Te center said there are indications that the rate at which global temperatures are rising is speeding up.

Average temperatures nationwide in 2006 were 2.2 degrees Fahrenheit higher than the mean temperatures nationwide for the 20th century, the agency said. It reported that seven months in 2006 were much warmer than average, and that last month was the fourth-warmest December on record. Average temperatures for all 48 continental states were above or well above average, and New Jersey logged its hottest temperatures ever.

Many researchers are concerned that rising temperatures could lead to widespread melting of the polar ice caps, resulting in droughts and storms. But NOAA pointed out one silver lining: The unusually warm temperatures from October to December helped reduce residential energy use for heating by 13.5 percent below the average for that period.

Climate experts generally do not make much of temperature fluctuations over one or two years, but Lawrimore said the record 2006 temperatures were part of a long and worrisome trend. For instance, NOAA said, the past nine years on record for the U.S.,” said Brenda Ekwurzel, a climate scientist with the Union of Concerned Scientists, a public interest group. “When you look at temperatures across the globe, every single year since 1993 has been in the top 20 warmest years on record.
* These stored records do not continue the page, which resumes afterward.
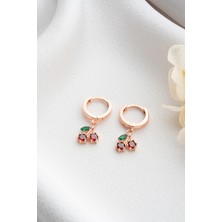 Silvano Jewelry 925 Ayar Gümüş Rose Kiraz Küpe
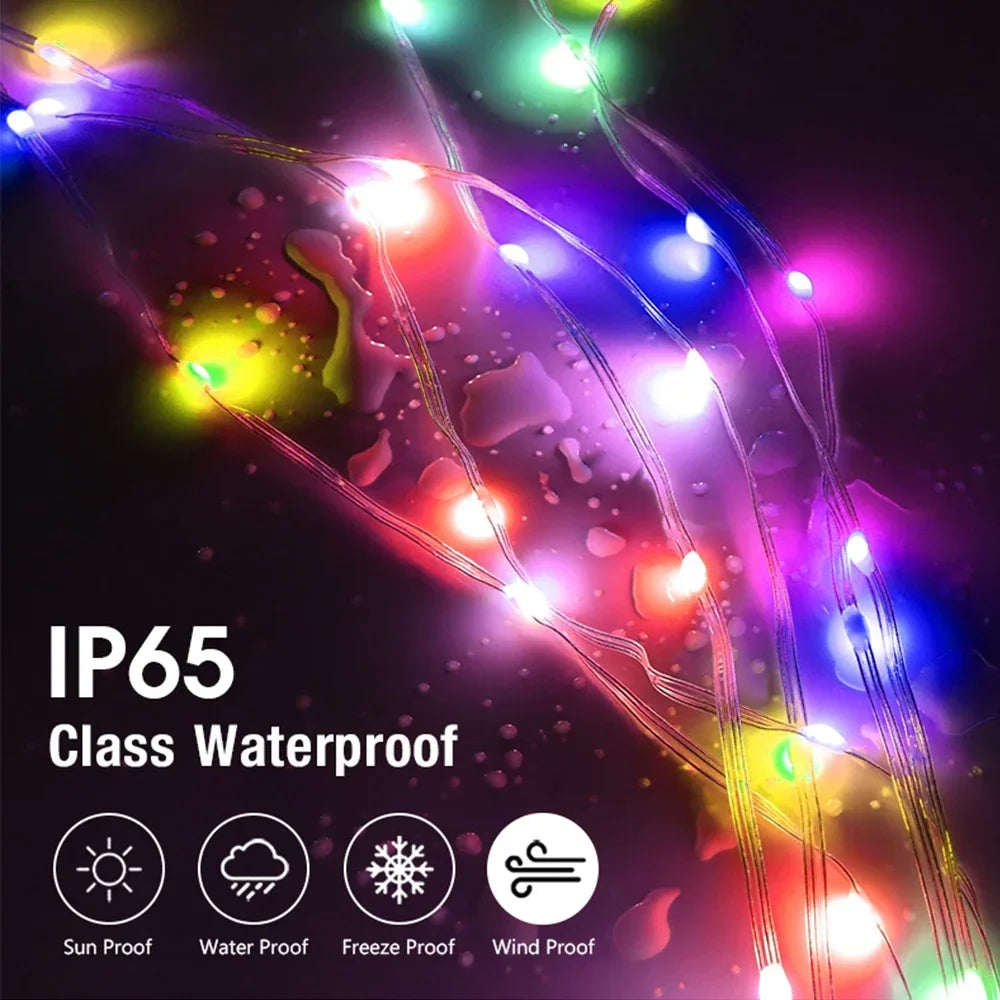 30M USB Smart RGB Christmas String Lights – Bluetooth APP Control, Waterproof Fairy Lights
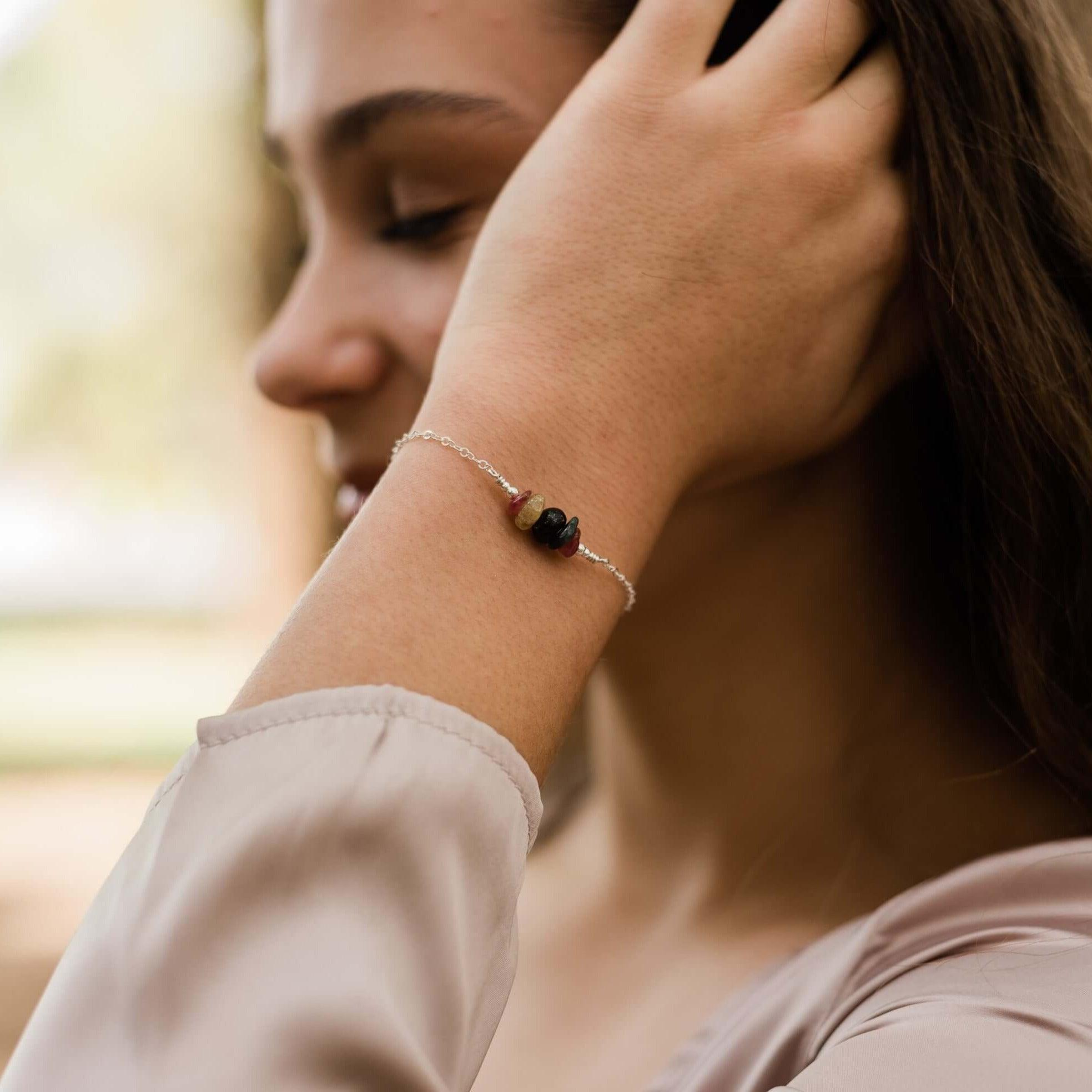 Tourmaline Chip Bead Bar Bracelet - Tourmaline Chip Bead Bar Bracelet - 14k Gold Fill - Luna Tide Handmade Crystal Jewellery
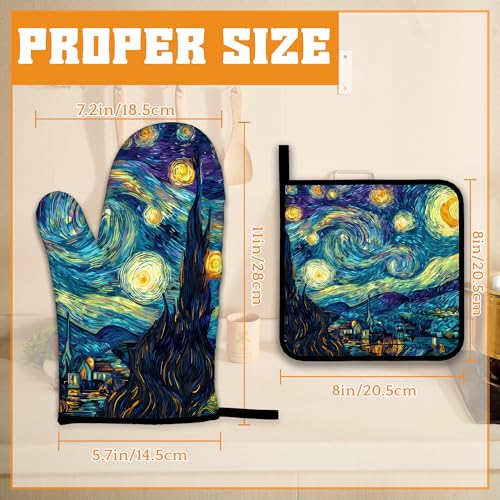 Starry Night Moon Oven Mitts and Pot Holders Set (4 Count)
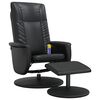 vidaXL Sill&oacute;n reclinable masaje con reposapi&eacute;s cuero sint&eacute;tico negro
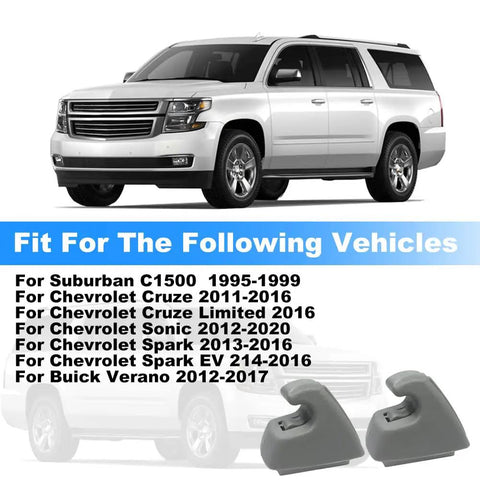 Gray Sun Visor Clip Holder For Chevrolet Cruze Sonic Spark Buick Verano Replacement Bracket OE 95994975 2 Pack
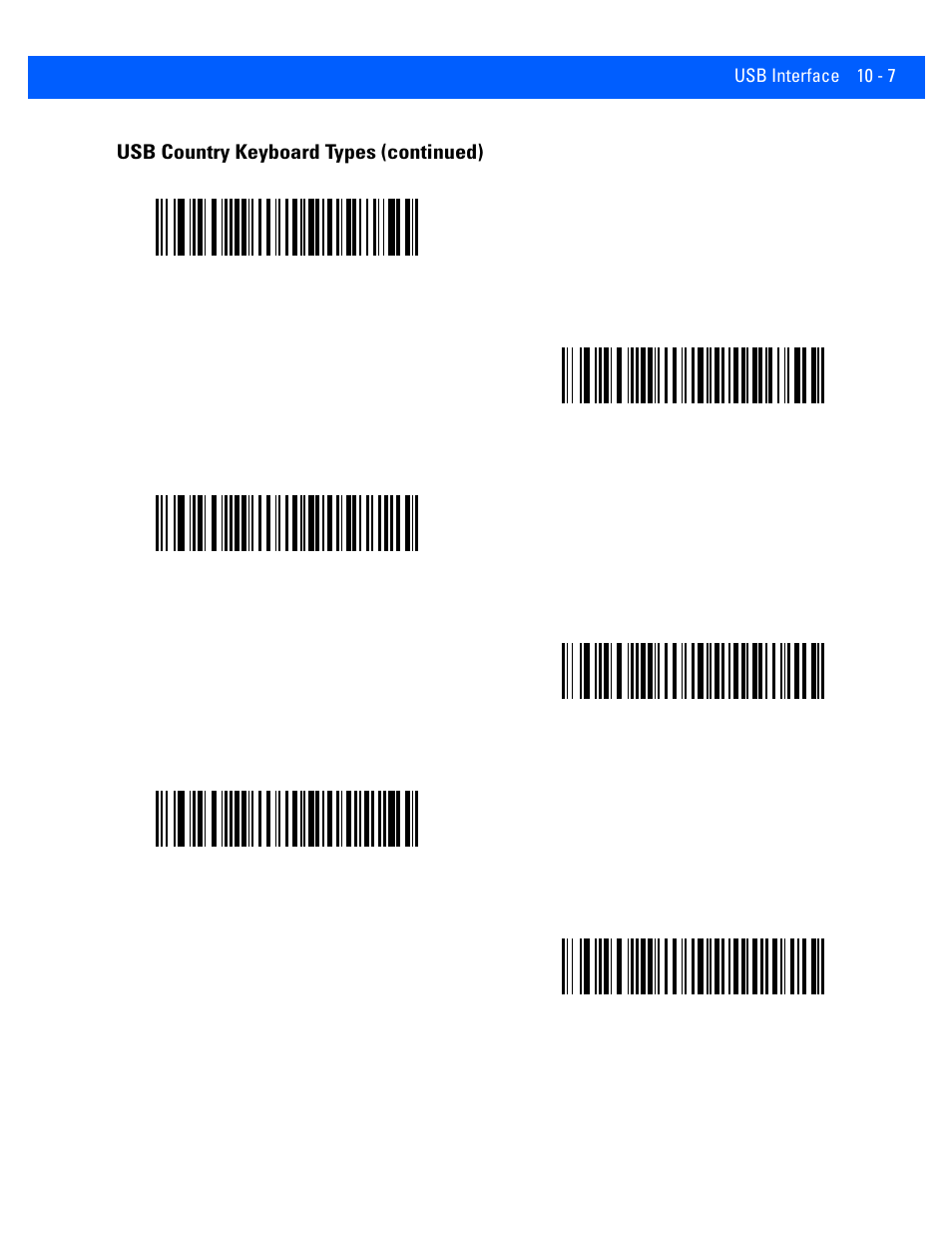 Usb country keyboard types (continued) | Rice Lake Motorola DS457 Laser Scanner User Manual | Page 177 / 428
Lawrimore said other NOAA research has found that northern hemisphere temperatures have not been this high for more than 1,000 years, and that the rate of temperature increase has been significantly greater in the past 30 years than any time since the government started collecting national temperature data. The government has been collecting temperature data since 1895, currently from a total of 1,200 sites. Globally, 2005 was the hottest year on record. Lawrimore said, and 2006 was slightly cooler.

The burning of oil and other fossil fuels releases carbon dioxide, which rises, blankets the Earth and traps heat. Climate scientists report there has not been this much carbon dioxide in the atmosphere in the past 650,000 years.”

This article was printed in the Spokesman Review on January 10, 2007.

There’s a “silver lining”? What! In the Earth’s coffin? The “silver lining” comment made by the National Oceanic and Atmospheric Administration is very callous concerning the harm Global Warming is doing. And by-the-way, although the information was good, “Global Warming” as a term was not used once. Was the government trying to pacify the public with the “silver lining” comment?” We wonder too.